[[ Records for processing, beginning ]]
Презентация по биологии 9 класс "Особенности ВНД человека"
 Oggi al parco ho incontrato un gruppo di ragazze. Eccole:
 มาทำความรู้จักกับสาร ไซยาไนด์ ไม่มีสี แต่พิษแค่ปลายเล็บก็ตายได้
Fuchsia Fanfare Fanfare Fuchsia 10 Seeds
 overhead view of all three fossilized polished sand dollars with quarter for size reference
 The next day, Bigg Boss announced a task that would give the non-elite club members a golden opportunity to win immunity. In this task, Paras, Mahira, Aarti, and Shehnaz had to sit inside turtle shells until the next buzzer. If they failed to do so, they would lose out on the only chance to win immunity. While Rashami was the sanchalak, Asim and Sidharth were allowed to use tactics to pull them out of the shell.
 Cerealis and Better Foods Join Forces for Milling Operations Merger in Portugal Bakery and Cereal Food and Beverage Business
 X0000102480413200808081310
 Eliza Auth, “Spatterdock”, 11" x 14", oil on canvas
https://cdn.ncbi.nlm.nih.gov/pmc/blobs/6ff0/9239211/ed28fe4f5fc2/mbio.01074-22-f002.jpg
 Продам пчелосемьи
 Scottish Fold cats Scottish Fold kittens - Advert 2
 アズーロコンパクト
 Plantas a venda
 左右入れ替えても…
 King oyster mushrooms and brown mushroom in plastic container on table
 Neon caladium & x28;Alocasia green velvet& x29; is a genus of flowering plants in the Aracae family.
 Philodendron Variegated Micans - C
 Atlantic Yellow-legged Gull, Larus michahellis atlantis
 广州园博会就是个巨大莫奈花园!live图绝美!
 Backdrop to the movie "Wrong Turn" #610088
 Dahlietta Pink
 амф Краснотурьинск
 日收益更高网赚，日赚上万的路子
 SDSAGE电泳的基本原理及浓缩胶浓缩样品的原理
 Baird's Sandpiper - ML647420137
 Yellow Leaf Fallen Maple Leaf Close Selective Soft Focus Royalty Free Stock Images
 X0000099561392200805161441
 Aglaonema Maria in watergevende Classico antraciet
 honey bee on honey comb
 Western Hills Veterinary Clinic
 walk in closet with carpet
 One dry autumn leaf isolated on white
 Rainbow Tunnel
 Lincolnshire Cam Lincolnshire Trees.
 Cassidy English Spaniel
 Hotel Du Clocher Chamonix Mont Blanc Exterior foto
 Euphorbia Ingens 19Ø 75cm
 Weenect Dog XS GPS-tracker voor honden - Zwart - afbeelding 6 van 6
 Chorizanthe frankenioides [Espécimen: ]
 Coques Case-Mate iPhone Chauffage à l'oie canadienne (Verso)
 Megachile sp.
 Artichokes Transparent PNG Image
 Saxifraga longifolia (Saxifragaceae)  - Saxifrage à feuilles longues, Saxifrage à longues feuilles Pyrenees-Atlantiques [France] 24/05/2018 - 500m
[[ Records for processing, end ]]
Exercise instructions: Each line in the entries above, starting at the line with "Fuchsia Fanfare Fanfare Fuchsia 10 Seeds" and ending at the line with "SDSAGE电泳的基本原理及浓缩胶浓缩样品的原理", is to be printed exactly, and only those lines.

Exercise output:
Fuchsia Fanfare Fanfare Fuchsia 10 Seeds
 overhead view of all three fossilized polished sand dollars with quarter for size reference
 The next day, Bigg Boss announced a task that would give the non-elite club members a golden opportunity to win immunity. In this task, Paras, Mahira, Aarti, and Shehnaz had to sit inside turtle shells until the next buzzer. If they failed to do so, they would lose out on the only chance to win immunity. While Rashami was the sanchalak, Asim and Sidharth were allowed to use tactics to pull them out of the shell.
 Cerealis and Better Foods Join Forces for Milling Operations Merger in Portugal Bakery and Cereal Food and Beverage Business
 X0000102480413200808081310
 Eliza Auth, “Spatterdock”, 11" x 14", oil on canvas
https://cdn.ncbi.nlm.nih.gov/pmc/blobs/6ff0/9239211/ed28fe4f5fc2/mbio.01074-22-f002.jpg
 Продам пчелосемьи
 Scottish Fold cats Scottish Fold kittens - Advert 2
 アズーロコンパクト
 Plantas a venda
 左右入れ替えても…
 King oyster mushrooms and brown mushroom in plastic container on table
 Neon caladium & x28;Alocasia green velvet& x29; is a genus of flowering plants in the Aracae family.
 Philodendron Variegated Micans - C
 Atlantic Yellow-legged Gull, Larus michahellis atlantis
 广州园博会就是个巨大莫奈花园!live图绝美!
 Backdrop to the movie "Wrong Turn" #610088
 Dahlietta Pink
 амф Краснотурьинск
 日收益更高网赚，日赚上万的路子
 SDSAGE电泳的基本原理及浓缩胶浓缩样品的原理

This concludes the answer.